Re: [RFC][PATCH 1/3] per cpu counter fixes for unsigned long typecounter overflow

From: Mingming Cao
Date: Mon Apr 10 2006 - 21:10:43 EST


On Mon, 2006-04-10 at 15:18 -0700, Andrew Morton wrote:
> Mingming Cao <cmm@xxxxxxxxxx> wrote:
> >
> > [PATCH 1/3] - Currently the"long" type counter maintained in percpu
> > counter could have issue when handling a counter that is a unsigned long
> > type. Most cases this could be easily fixed by casting the returned
> > value to "unsigned long". But for the "overflow" issue, i.e. because of
> > the percpu global counter is a approsimate value, there is a
> > possibility that at some point the global counter is close to the max
> > limit (oxffff_feee) but after updating from a local counter a positive
> > value, the global counter becomes a small value (i.e.0x 00000012).
> >
> > This patch tries to avoid this overflow happen. When updating from a
> > local counter to the global counter, add a check to see if the updated
> > value is less than before if we are doing an positive add, or if the
> > updated value is greater than before if we are doing an negative add.
> > Either way we should postpone the updating from this local counter to
> > the global counter.
> >
> >
> > -static void __percpu_counter_mod(struct percpu_counter *fbc, long amount)
> > +static void __percpu_counter_mod(struct percpu_counter *fbc, long amount,
> > + int llcheck)
>
> Confused.
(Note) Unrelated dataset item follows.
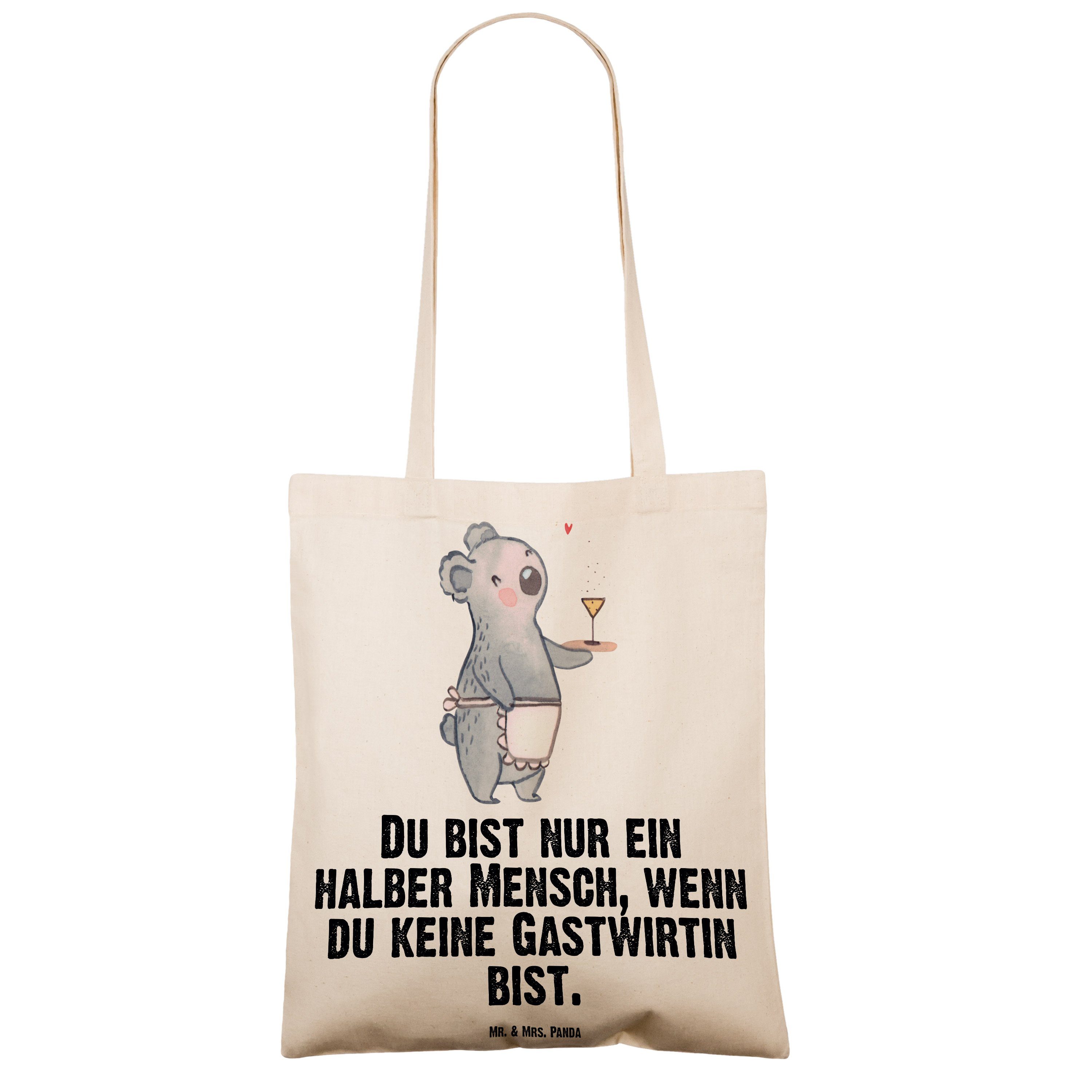 Mr. & Mrs. Panda Beuteltasche, Herz Tragetasche - Geschenk, Kneipe, (1-tlg) - Transparent mit Gastwirtin E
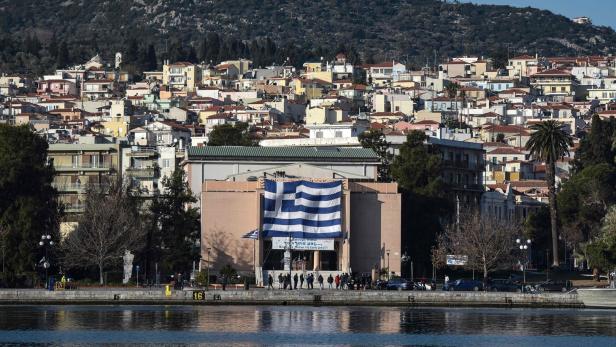 Proteste wegen Überforderung mit der Flüchtlingssituation auf der Insel Lesbos.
What does "ll" stand for throughout this patch?
>
> Whatever it is, I suspect we need to choose something better ;)
>

Probably "ul" fits better than "ll"-- this llcheck is a flag that should
only need to turn on for unsigned long type counter.

> > {
> > long count;
> > long *pcount;
> > int cpu = smp_processor_id();
> > + unsigned long before, after;
> > + int update = 1;
> >
> > pcount = per_cpu_ptr(fbc->counters, cpu);
> > count = *pcount + amount;
> > if (count >= FBC_BATCH || count <= -FBC_BATCH) {
> > spin_lock(&fbc->lock);
> > - fbc->count += count;
> > - *pcount = 0;
> > + before = fbc->count;
> > + after = before + count;
> > + if (llcheck && ((count > 0 && after < before) ||
> > + ( count < 0 && after > before)))
> > + update = 0;
> > +
> > + if (update) {
> > + fbc->count = after;
> > + *pcount = 0;
> > + }
>
> The above bit of magic deserves an explanatory comment.
>

Certainly. How about this? Does this look still confusing?

Signed-Off-By: Mingming Cao <cmm@xxxxxxxxxx>
---

linux-2.6.16-cmm/include/linux/percpu_counter.h | 12 ++
linux-2.6.16-cmm/lib/percpu_counter.c | 103 ++++++++++++++++++++++--
2 files changed, 108 insertions(+), 7 deletions(-)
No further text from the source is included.